Now for the problem....the windows are 6ft wide and 12ft tall. I do not believe anyone sells a bullhorn larger than 65 inches.

I was thinking of just going to home depot and buying a 80 inch piece of square steel stock and attaching it to the ladder using the clamps from the sets I own. I realize this would be just a straight piece of metal ut the windows are recessed into the building about one foot.

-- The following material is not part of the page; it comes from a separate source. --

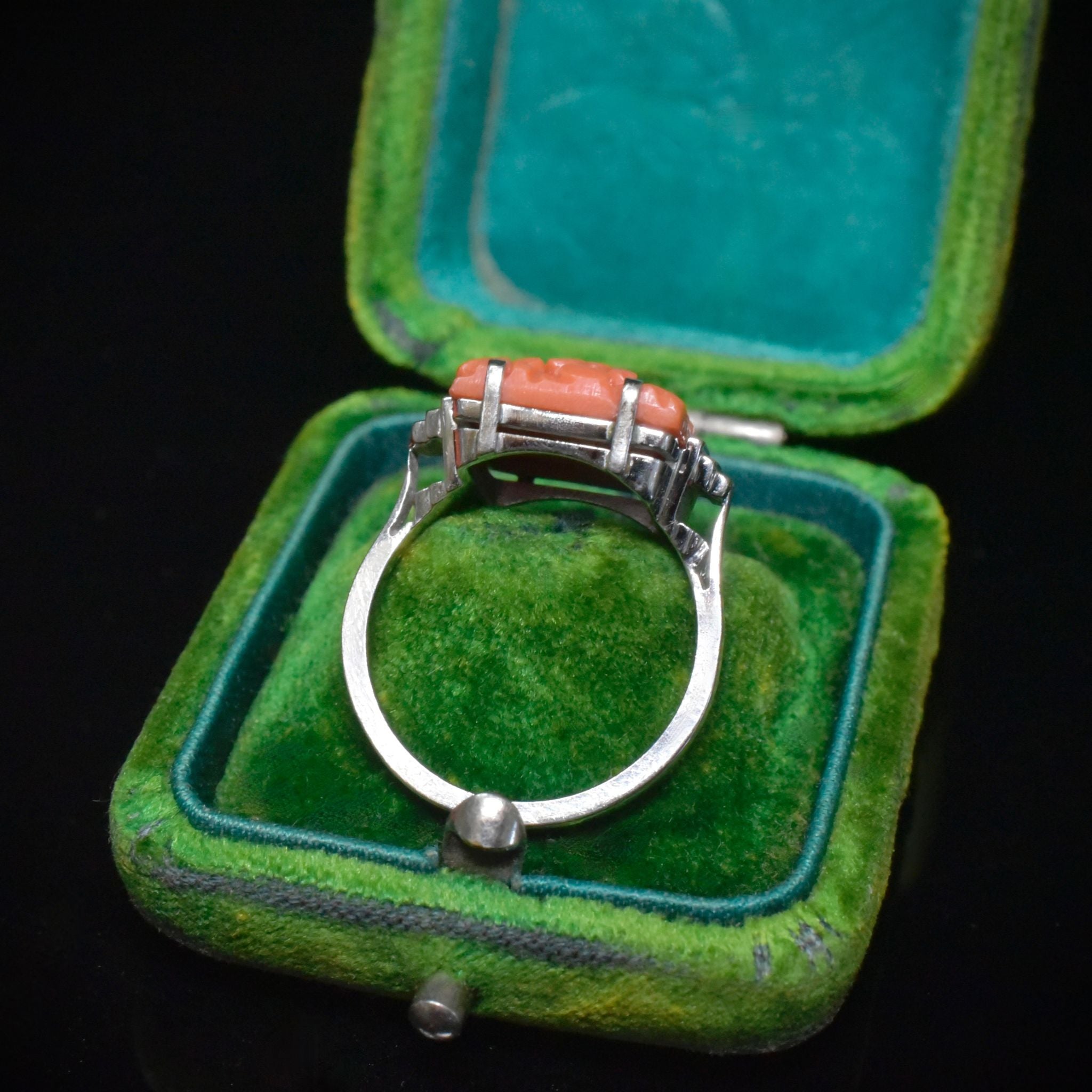 Antique Art Deco/Retro Era 9ct White Gold Carved Coral Ring Circa 1930s-40s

Any input would be welcomed.


----------



## LA Painter (Jul 28, 2009)

Sounds good. I did something similar for a church I painted with large recessed windows. I just used a 2x4 clamped to the top rung. Worked great.


----------



## nEighter (Nov 14, 2008)

maybe get a standard sized stabilizer, cut it in half and getting some square tubing that slips right over the top. drill a couple holes in through and use 2 bolts per side. get some extra U clamps


----------



## johnpaint (Sep 20, 2008)

All you have to do is get you a couple L-brackets about 2"x2" and use sheet metal screws to screw the L- bracket to the end of the horns. (First you will have to pull off the rubbers). Then I use a 1"x4" spruce trim board cut long enough to bridge the window and use wood screws to attach to L brackets. Now go down to the hardware store and find some foam that is about 1/4 inch thick and glue and staple to the edge that touches the window/building. Works great for me. Also with the foam it will not slide around.


----------



## johnpaint (Sep 20, 2008)

Brian: I also just keep it together all the time and only use those horns for that kind of job.


----------



## 88dblifestyle (Dec 4, 2009)

LA Painter said:


> Sounds good. I did something similar for a church I painted with large recessed windows. I just used a 2x4 clamped to the top rung. Worked great.


:yes: Yeah.. I helped my neighbor to paint in his house and i used also 1x4 clamped... It's great! :thumbup:


----------